If you do go down the tails thickener route take advantage of it and add your reclaim or makeup water to the tails thickener feed and "wash" cyanide solution from tails to grinding. Not sure whether you have CN destruct, but you can calculate water balance and cyanide washing that will occur. Main part of financial justification can be reduced cyanide as well as reduced reagents in destruct circuit.

Tony Verdeschi
1 year ago
Tony Verdeschi 1 year ago

As I understand it you are already operating a gold plant and therefore the CAPEX saving for smaller piping size etc is probably not relevant as an economic justification.Depending on what you are currently pumping to the TSF now,in terms of pulp density, you may have to consider settling of solids in the pipe due to the lower slurry transport velocity.
The retrofitting of a TSF thickener is often considered not so much due to cyanide cost savings but usually due to lack of sufficient water supply.

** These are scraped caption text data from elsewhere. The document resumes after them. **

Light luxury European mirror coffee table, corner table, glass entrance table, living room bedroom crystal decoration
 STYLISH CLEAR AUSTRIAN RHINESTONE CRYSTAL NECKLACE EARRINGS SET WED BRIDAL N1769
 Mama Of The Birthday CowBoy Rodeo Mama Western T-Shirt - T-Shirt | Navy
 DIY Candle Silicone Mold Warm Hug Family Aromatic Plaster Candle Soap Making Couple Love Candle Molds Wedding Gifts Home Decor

If you have sufficient water supply then as Willem says it would be a long term payback.
The discussion regarding classification efficiency due to lower feed density is often held as a justification for the installation of a pre-leach thickener. In this case you can run the cyclones at a lower density and increase separation efficiency thus resulting in a finer overflow size distribution. The cyclone overflow then gravitates to the thickener and you can then run your leaching circuit at a higher density resulting in longer residence time and cyanide and possibly lime cost savings as well. This is important if your ore is grind dependent and then the economic justifications are often much more easily made as it results in higher gold production.

David Kano
1 year ago
David Kano 1 year ago

Hi all, thanks for your comments, will have to study them closely so I don't overlook any parameters that need considering. The idea initially seemed attractive as we did some quick pH buffer tests and noticed a big drop in lime consumption when using filtered water from the tailings compared to using the decant water from the TSF. Obviously if these savings are minimal compared to the cost of installation and maintenance, there would be no need for it as we have sufficient water supply. Haven't really looked at the pre-leach thickener.

John Koenig
1 year ago
John Koenig 1 year ago

I think more light must be thrown on the economic viability of this project. Let the expects be precise in their answers. A little cost savings could go a long way to improve a mine's financial regime. I think the decision will also be based on the mine life as well so that becomes a long term project. I believe installing a tailings thickener sounds pretty nice idea. Cost savings on cyanide detoxification, lime usage and short distance to pump process water from the thickener to mill. But we need the expects to tell us more about its benefits then we look at the economic implications. I know most mines have the tailings thickener. This is a nice discussion. Thanks to all who have contributed up until now.